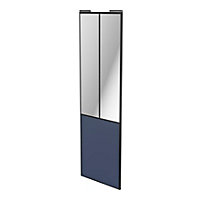 Porte de placard coulissante atelier bleu profil noir GoodHome Arius H. 248,5 x L. 76.2 cm + amortisseurs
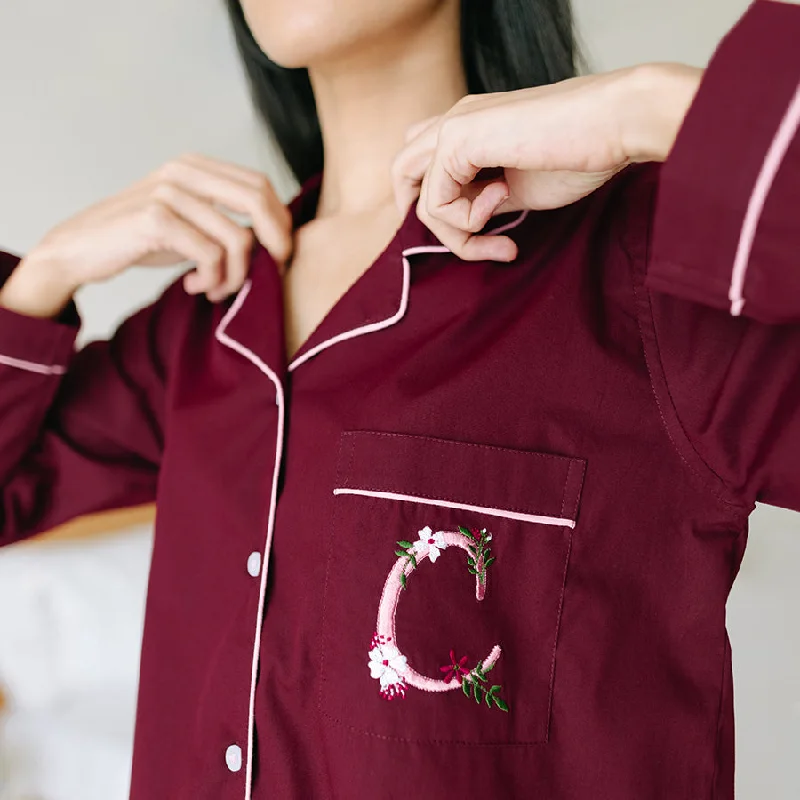 Burgundy Calligraph Embroidered Women Cotton Notched Pyjama Set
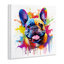 «French Bulldog Modern Splash» par Marybeth Cunningham - reproduction d'art sur bois sans cadre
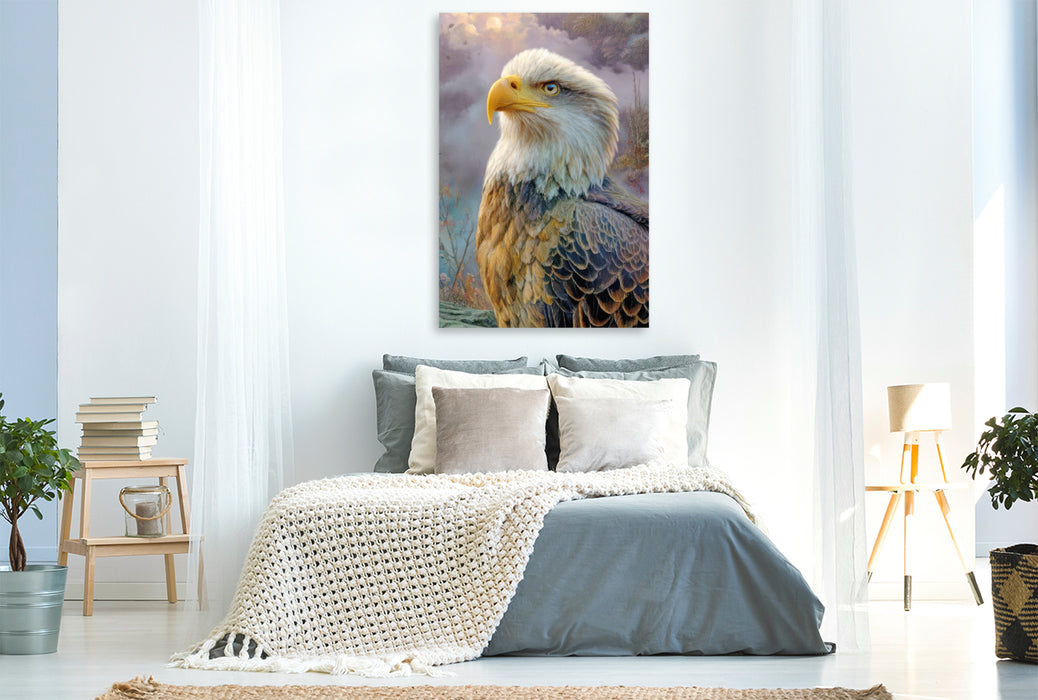Premium Textil-Leinwand Greifvögel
☆ ☆ ☆
§ WHAT YOU HAVE TO DO: What you write must match, line for line, the lines from the one with "bois sans cadre" through the last line of the data above, minus the pictures.

§ THE COMPLETED TASK:
 «French Bulldog Modern Splash» par Marybeth Cunningham - reproduction d'art sur bois sans cadre
Premium Textil-Leinwand Greifvögel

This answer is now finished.